Fletcher and Mr. Tsukamoto had not been close, and Mr. Fletcher had no
experience growing the farmers’ specialty, flame tokay grapes, but he
accepted the offer and soon quit his job.

For
the next three years he worked a total of 90 acres on three farms — he
had also decided to run Mr. Tsukamoto’s farm. He worked 18-hour days and
lived in the bunkhouse Mr. Tsukamoto had reserved for migrant workers.
He paid the bills of all three families — the Tsukamotos, the Okamotos
and the Nittas. He kept only half of the profits.

Many
Japanese-American families lost property while they were in the camps
because they could not pay their bills. Most in the Florin area moved
elsewhere after the war. When the Tsukamotos returned in 1945, they
found that Mr. Fletcher had left them money in the bank and that his new
wife, Teresa, had cleaned the Tsukamotos’ house in preparation for
their return. She had chosen to join her husband in the bunkhouse
instead of accepting the Tsukamotos’ offer to live in the family’s
house.

“Teresa’s
response was, ‘It’s the Tsukamotos’ house,’ ” recalled Marielle
Tsukamoto, who was 5 when she and her family were sent to the Jerome
center.

Ms. Tsukamoto is now the president of the Florin chapter of the Japanese American Citizens League. Her mother, Mary Tsukamoto, was a teacher, activist and historian who, with Elizabeth Pinkerton, wrote “We the People: A Story of Internment in America.”

Mr.
Fletcher’s willingness to work the farms was not well received in
Florin, where before the war some people had resented the Japanese
immigrants for their success. Japanese children in the area were
required to attend segregated schools. Mr. Fletcher was unruffled by
personal attacks; he felt the Japanese farmers were being mistreated.

“I
did know a few of them pretty well and never did agree with the
evacuation,” he told The Sacramento Bee in 2010. “They were the same as
anybody else. It was obvious they had nothing to do with Pearl Harbor.”

After
the war, resentment against the Japanese in Florin continued. If Mr.
Tsukamoto tried to buy a part at the hardware store only to be told that
the part was not in stock, he would ask Mr. Fletcher to buy it for him.

Robert
Emmett Fletcher Jr. was born in San Francisco on July 26, 1911, when
the city was still rebuilding after the great earthquake five years
earlier. He attended the University of California, Davis, and later
managed a peach orchard before taking the job as a state shipping point
inspector.

Survivors
include his wife, the former Teresa Cassieri, to whom he was married
for 67 years; their son, Robert Emmett III; three granddaughters; and
five great-grandchildren.

The
Fletchers bought their own land in Florin after the war and raised hay
and cattle.

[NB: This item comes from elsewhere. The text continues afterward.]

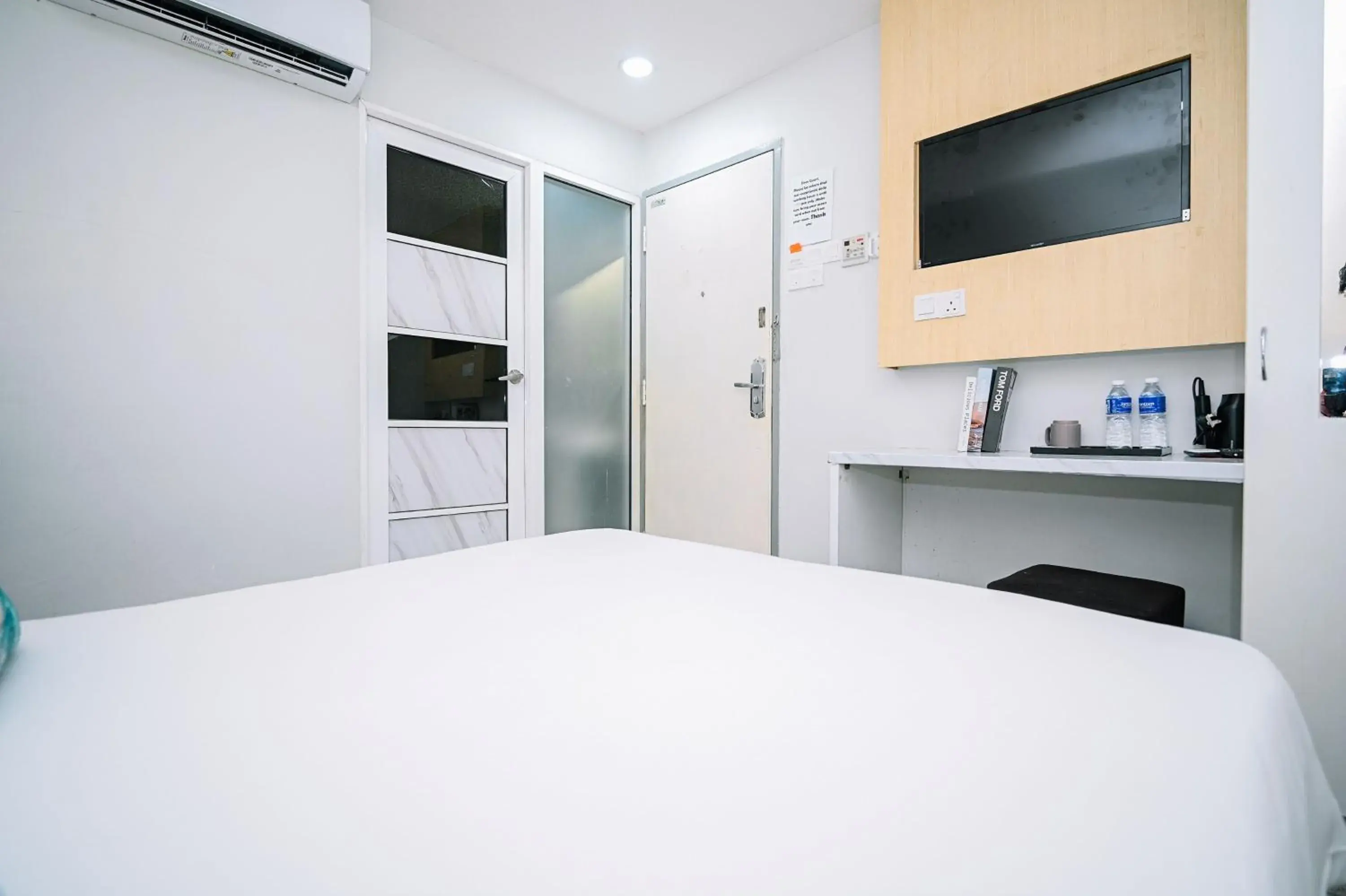 Bed in Swing & Pillows - Subang SS15 Bed in Swing & Pillows - Subang SS15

Mr. Fletcher was a volunteer firefighter in Florin for many
decades before becoming the paid fire chief. He was also active in
historical groups.

He
was never much for celebrating his role in the war, and he noted that
other Florin residents had helped their Japanese neighbors.

“I
don’t know about courage,” he said in 2010 as Florin was preparing to
honor him in a ceremony. “It took a devil of a lot of work.”